If you try and tessellate a square or a regular hexagon, you will succeed. But try as you may, you will never tessellate a regular pentagon, nor will you be able to tessellate a regular octogon. Why do some basic shapes tessellate while others do not? The answer lies in the angles.
If a basic shape tessellates, then its corners (or vertices) should all be able to meet at one single point. For example, in the image with the tessellating hexagons, there are certain points at which multiple vertices intersect. Anybody with a basic understanding of geometry knows that the total number of angle degrees surrounding a point totals 360, right? And a single vertex of a hexagon has 120 degrees, right?** So three hexagons' vertices can fit around one point (360 / 120 = 3). Look at the image again; this does hold true!
So why doesn't a regular pentagon tessellate? Let's try it. Using our formula, we know that a regular pentagon has vertices measuring at 108 degrees. Therefore exactly three and one-third pentagon vertices can fit around that intersection point, as 360 / 108 = 3 1/3. Wait. That doesn't make sense. You can't just have 1/3 of a pentagon's vertex trying to squeeze its way into the tessellation. Nor can you just ignore it - remember, a tessellation can't have any gaps in addition to overlaps.

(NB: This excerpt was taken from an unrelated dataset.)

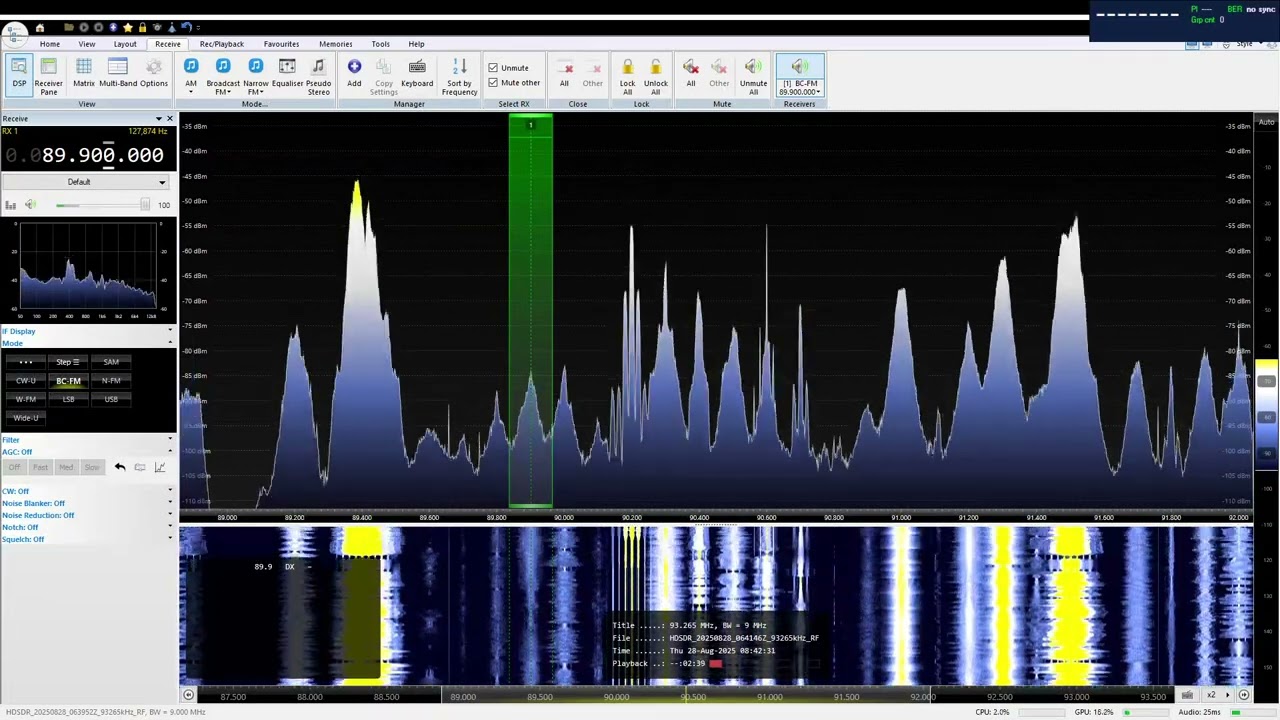 [sporadic-E/2025] 89.9 / big FM, K&ouml;ln/Sternengasse [D] @926km, 0.32kW | 28.08.2025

So regular pentagons just won't tessellate.
How about squares? We already know they tessellate - come on, just envision a chessboard - but can we prove it? Simple! A square's vertex has 90 degrees, and 360 / 90 = 4, which means that an even four squares can fit around that intersection point. Decagons (10 sides)? A decagon's vertex has 144 degrees, and 360 / 144 = 2.5. No, a decagon will therefore not tessellate as we just can't accomodate that 0.5 of a decagon trying to fit in.
It turns out that we can develop a simple formula for deciding if a regular shape tessellates, based on the pattern you've probably noticed by now. Consider a to be the number of degrees in a vertex of the regular polygon in question. If 360 / a equals a whole number, then the shape tessellates. Otherwise, it will not tessellate. It's that simple.
**The formula for the number of degrees in a vertex of a regular polygon, for those that do not remember it, is [(n - 2) * 180] / n , where n is equal to the number of sides on the polygon. For a hexagon, this means [(6 - 2) * 180] / 6 = [4 * 180] / 6 = 720 / 6 = 120 degrees.